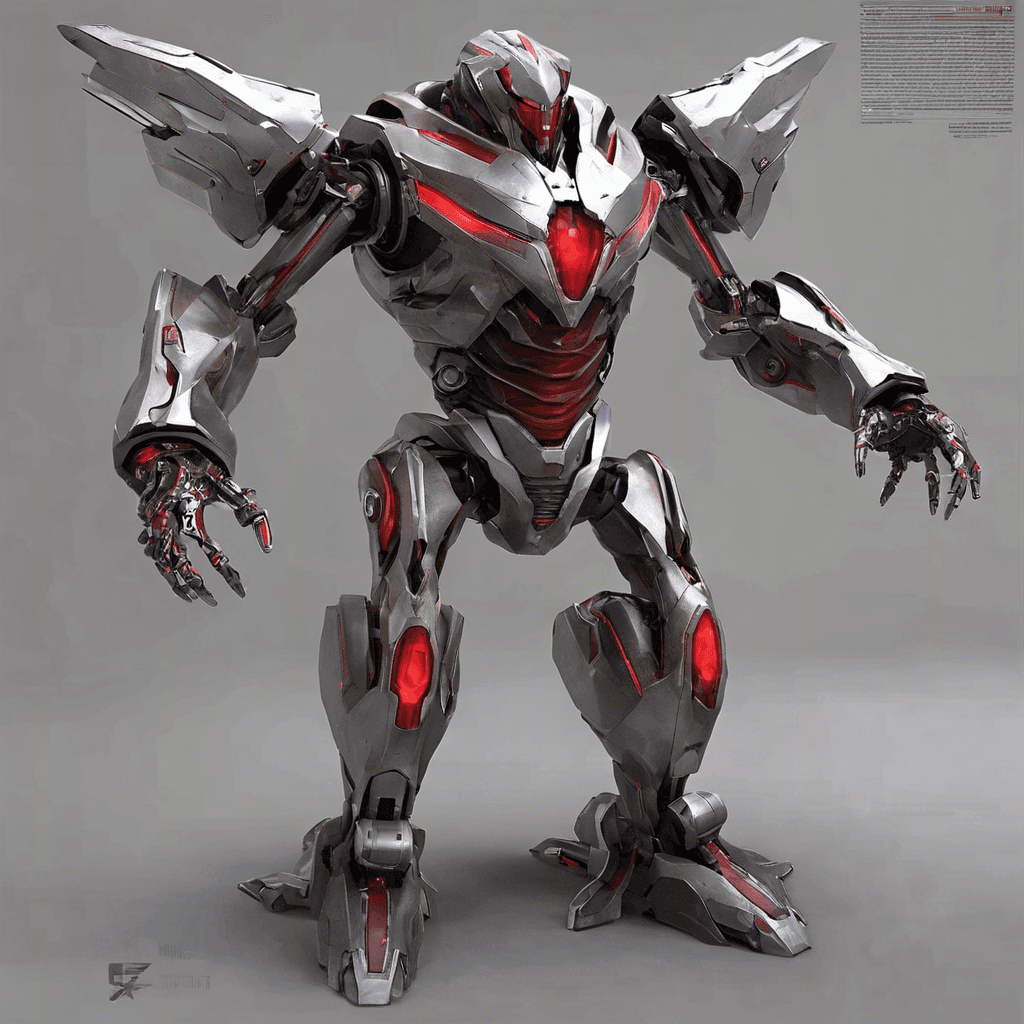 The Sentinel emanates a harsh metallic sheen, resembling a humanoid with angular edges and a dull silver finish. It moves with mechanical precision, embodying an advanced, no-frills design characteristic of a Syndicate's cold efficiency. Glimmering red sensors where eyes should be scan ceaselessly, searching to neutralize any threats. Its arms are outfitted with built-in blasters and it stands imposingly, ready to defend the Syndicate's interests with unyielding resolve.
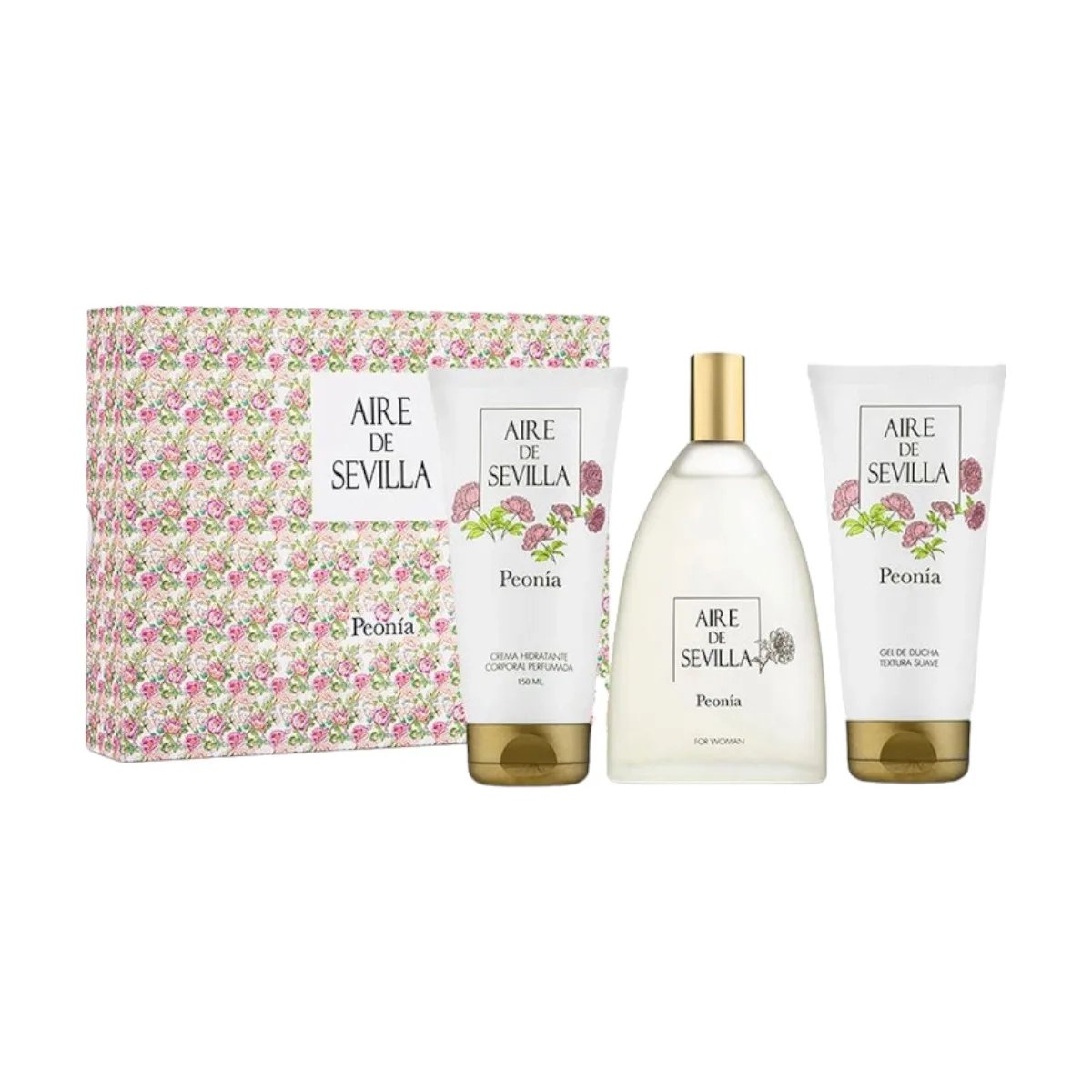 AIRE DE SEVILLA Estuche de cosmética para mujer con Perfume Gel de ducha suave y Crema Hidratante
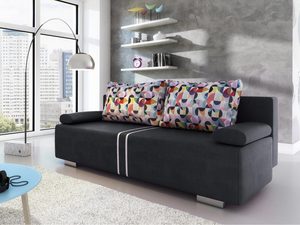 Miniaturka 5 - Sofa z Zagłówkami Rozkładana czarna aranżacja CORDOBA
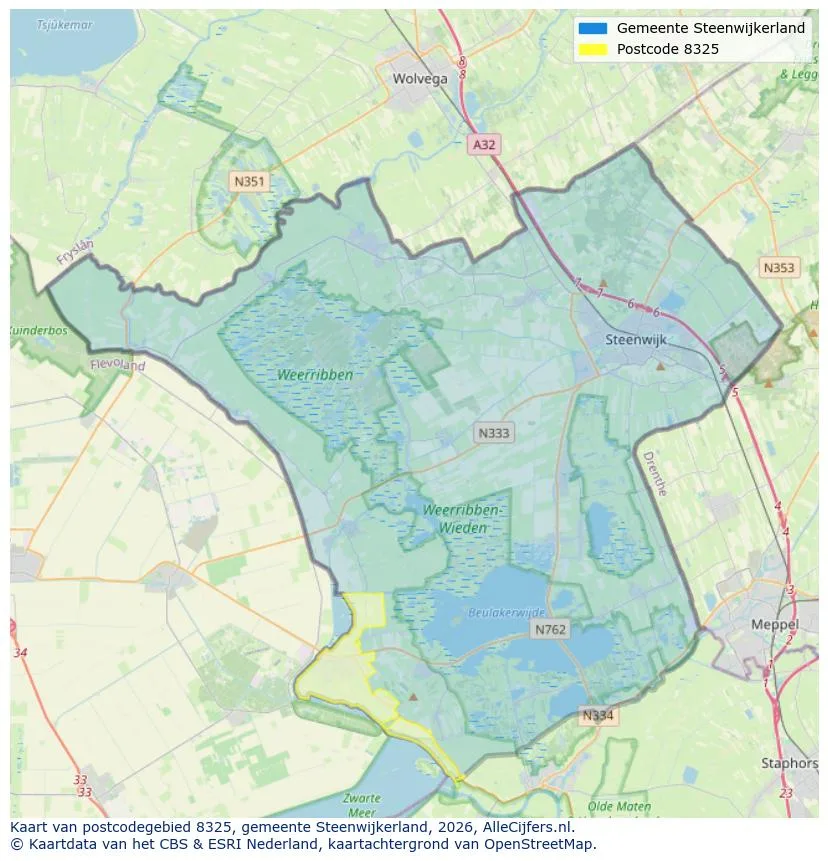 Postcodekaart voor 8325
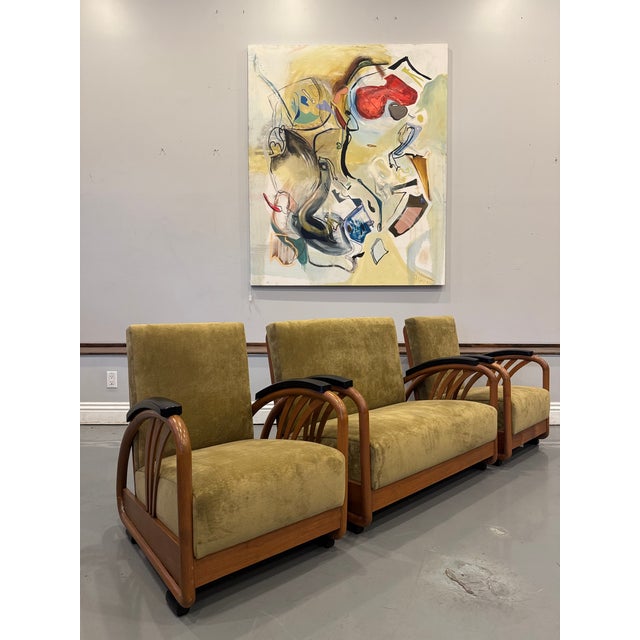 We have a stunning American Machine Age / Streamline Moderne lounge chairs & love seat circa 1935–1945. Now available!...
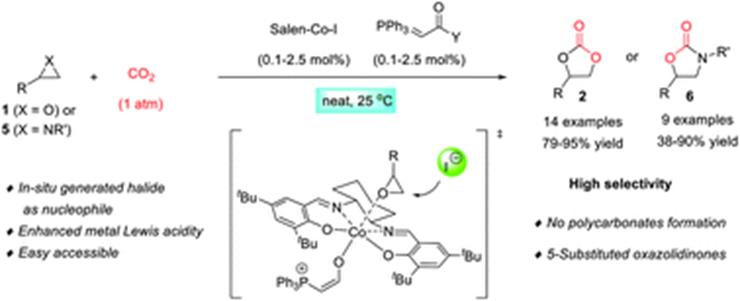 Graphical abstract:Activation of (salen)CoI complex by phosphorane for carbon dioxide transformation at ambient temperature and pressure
————
=== WORK INSTRUCTION ===
Repeat every record above exactly. The pictures do not belong in the copy.

=== EXERCISE ANSWER ===
 The Sentinel emanates a harsh metallic sheen, resembling a humanoid with angular edges and a dull silver finish. It moves with mechanical precision, embodying an advanced, no-frills design characteristic of a Syndicate's cold efficiency. Glimmering red sensors where eyes should be scan ceaselessly, searching to neutralize any threats. Its arms are outfitted with built-in blasters and it stands imposingly, ready to defend the Syndicate's interests with unyielding resolve.
 AIRE DE SEVILLA Estuche de cosmética para mujer con Perfume Gel de ducha suave y Crema Hidratante
 Miniaturka 5 - Sofa z Zagłówkami Rozkładana czarna aranżacja CORDOBA
 Postcodekaart voor 8325
 We have a stunning American Machine Age / Streamline Moderne lounge chairs & love seat circa 1935–1945. Now available!...
 Graphical abstract:Activation of (salen)CoI complex by phosphorane for carbon dioxide transformation at ambient temperature and pressure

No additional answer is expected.